Wednesday, January 4, 2012

Review: In Persuasion Nation, by George Saunders

Anyone who has read The New Yorker even occasionally over the last two decades will be familiar with the works of George Saunders. His short fiction has become a mainstay in the pages of that venerable magazine and he counts himself along with Alice Munro and Mavis Gallant as one of its most constant and consistently good contributors. In Persuasion Nation, published in 2006, collects many of Saunders recent stories first published in The New Yorker and other leading magazines.

The subject matter of these tales is consumer society, the oppression of advertising, allegories of war, and our willful complicity in the face of technology out of control. These preoccupations are clearly Ballardian in scope, but they come with something that most of Ballard’s work does not – a tongue planted firmly in cheek. Indeed, it is Saunders’ humour that saves many of these stories from the dourness of straight-up dystopia.

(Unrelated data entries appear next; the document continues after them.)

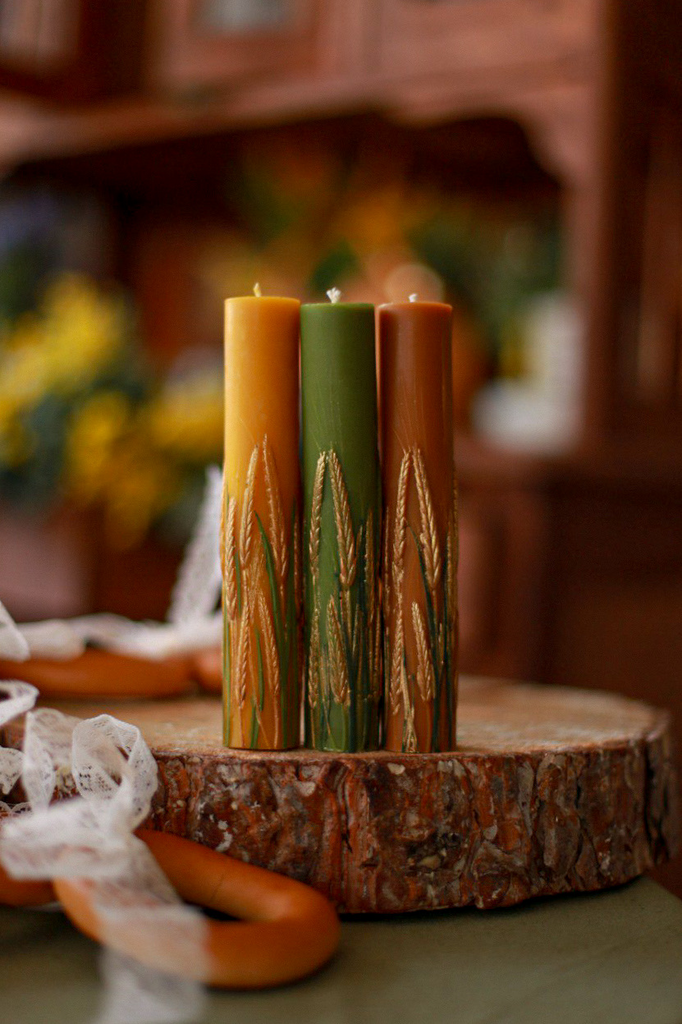 Свеча столовая «В пшеничном поле»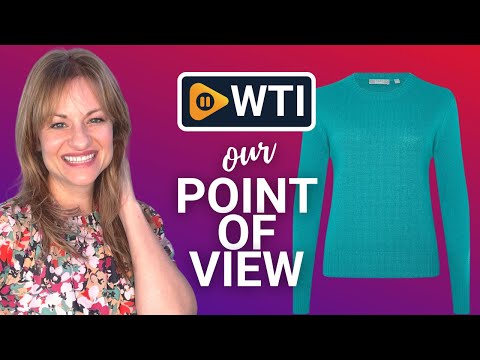 Style Republic 100% Pure Cashmere Long Sleeve Crew Neck Sweater for Women Medium Turquoise - WTI product video review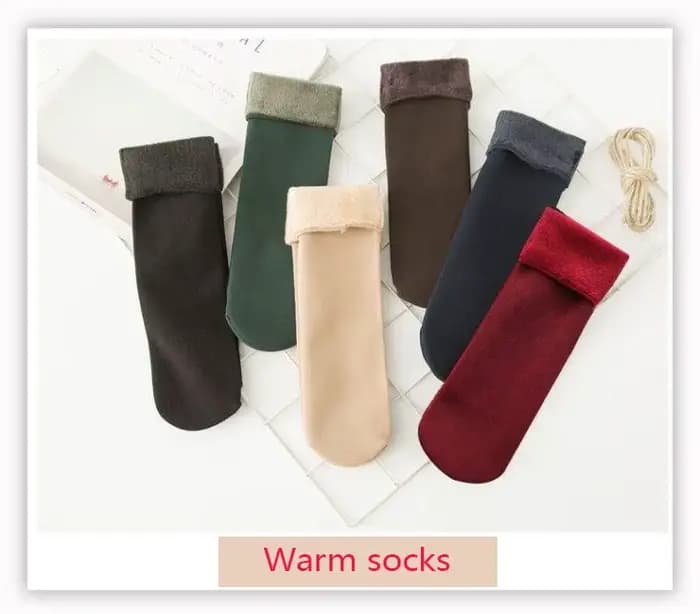 Chaussettes thermiques en laine et cachemire pour femmes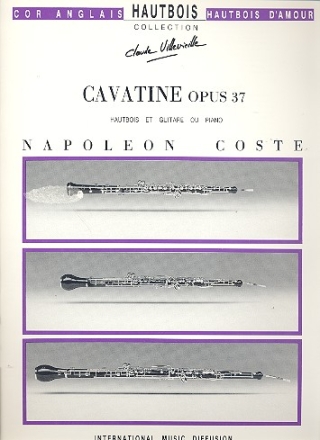 Cavatine op.37 pour hautbois et guitare (piano)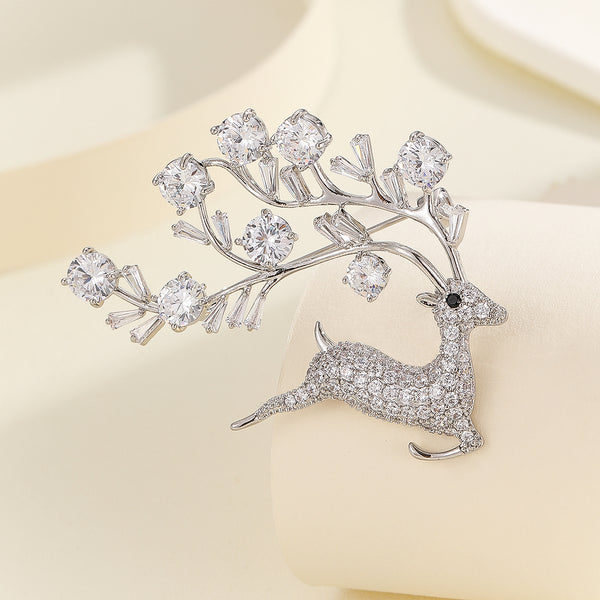 Crystal Leap Deer Brooch - Reet Pehal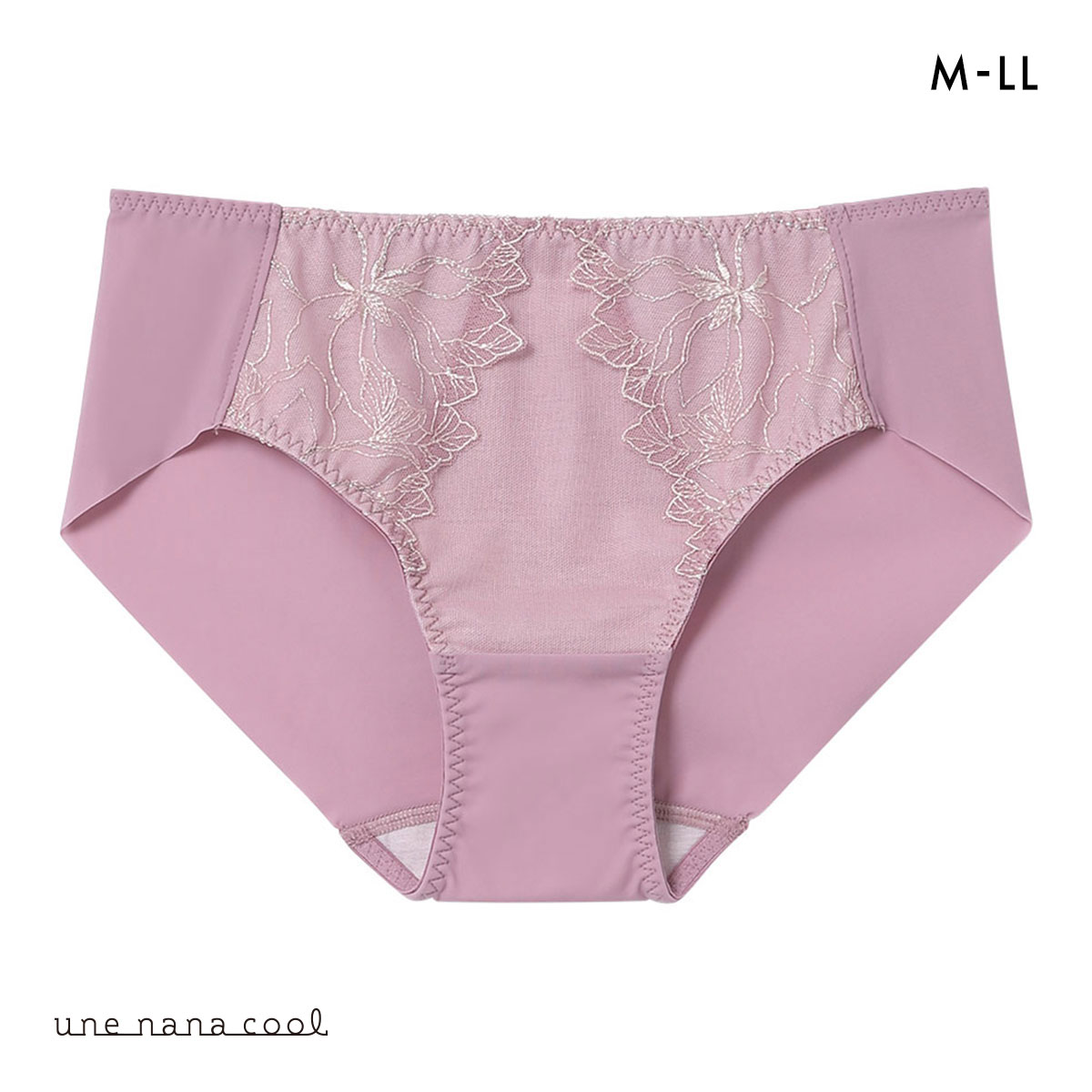 ウンナナクール 小さく見せるブラ ミニマイザーブラ レース ショーツ une nana cool 単品(RO-ローズ-M)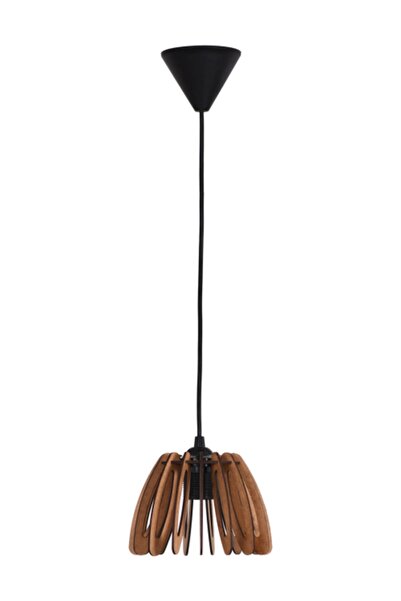 MadamVila Brushwood Ahşap 3 Adet Tekli Avize Seti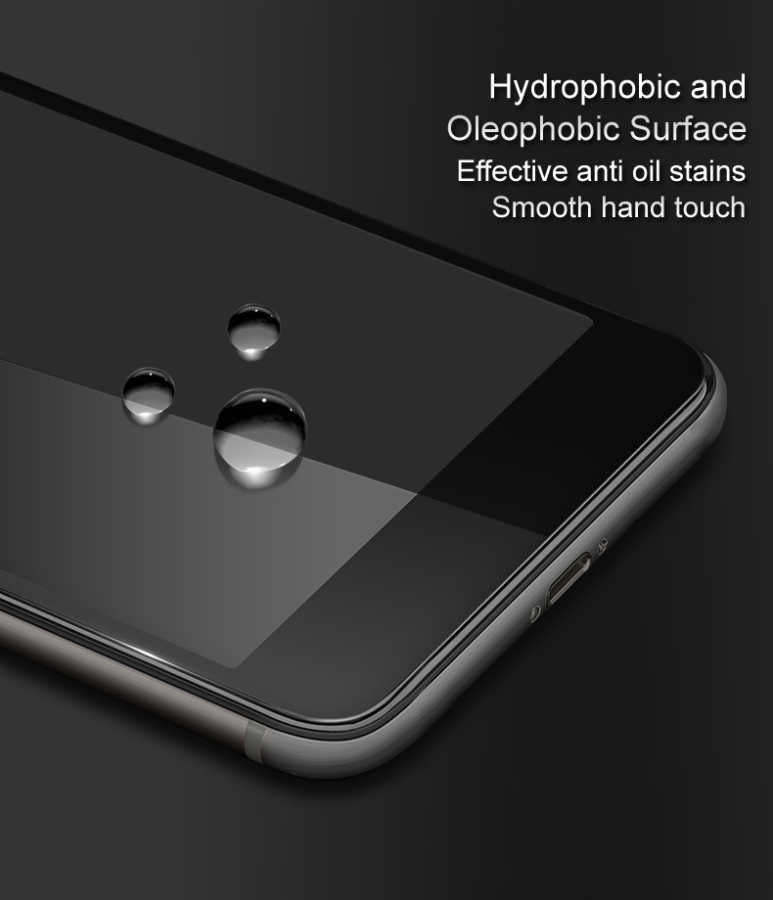 Galaxy C8 Zore Ekranı Tam Kaplayan Düz Cam Koruyucu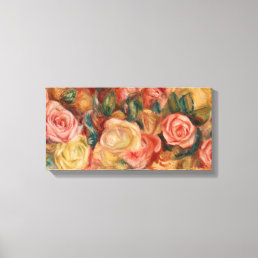 Pierre-Auguste Renoir - Roses Canvas Print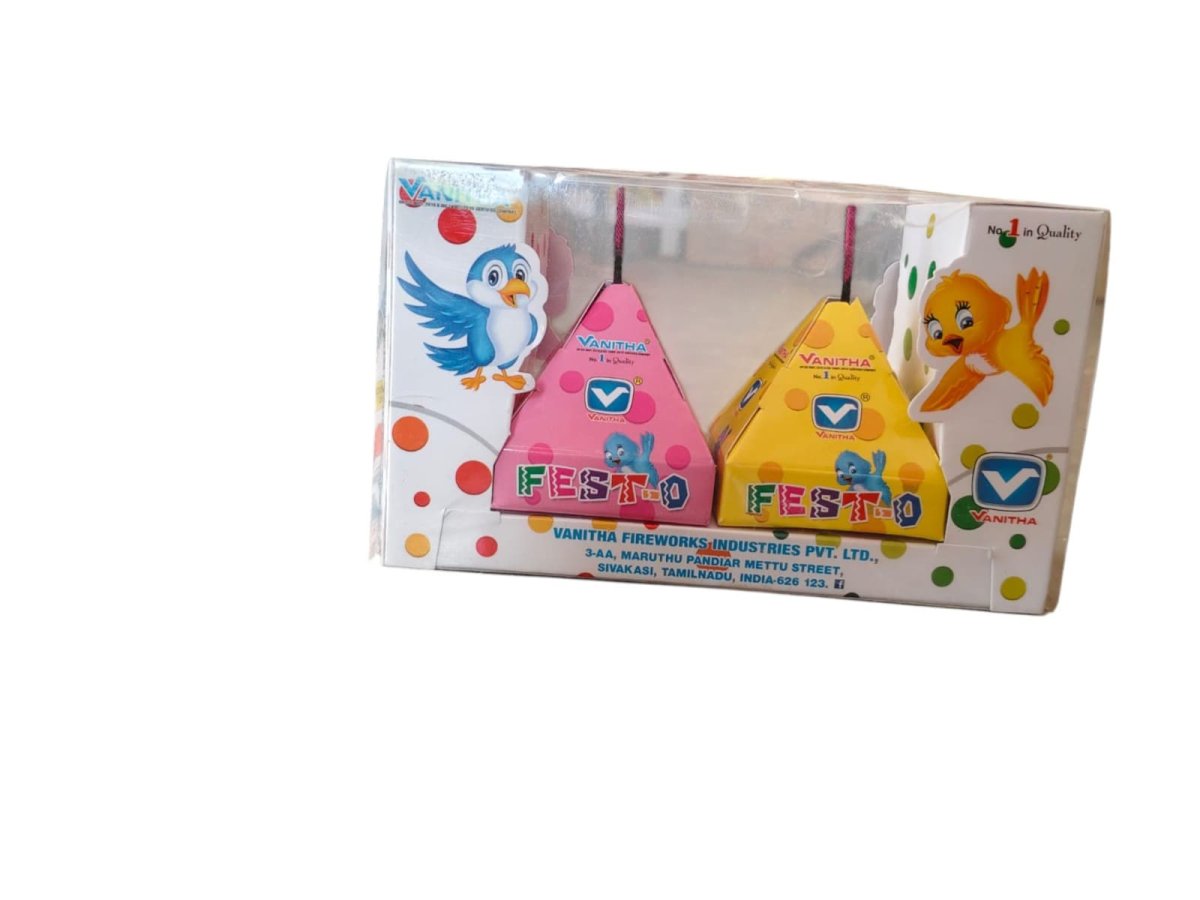 Fest-O ( 2Pcs Flower Pot) - Excellent Crackers
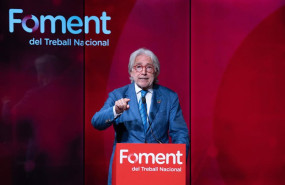 ep archivo   el presidente de foment del treball josep sanchez llibre durante la asamblea general de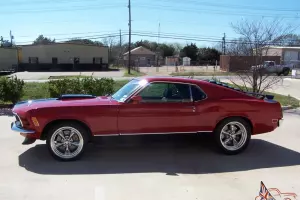 1970 Mustang Mach 1 Restmod - Candy Red/Raven Black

In tales like “I CAN SPEAK™” - about an artificial face that parents can put over their babies’ faces to make it appear as if they’re talking – or “Adams” – a hilarious suburban allegory for George W. Bush’s invasion of Iraq – the satire is ratcheted up so tightly that we cannot help but laugh out loud.

Critics have said that Saunders is able to paint a picture of the modern world without losing a sense of its humanity, but I sometimes felt that in this collection didn’t quite live up to that. The cynicism about the current state of America is here, and so is the humour, but I felt that some of these stories were a bit colder, more aloof than they needed to be. In tales like “Jon” and “Christmas,” I sensed there was a gap between myself and the characters (as well drawn as they were) that I could not close.

Still, there’s no denying Saunders’ enormous talent. These are sharp stories about alternative realities and bleak futures that will be give you much to mull over. If for no other reason, you should pick up this book for its final story, “CommComm”, which is a tour de force in quirky (and disturbing) science fiction.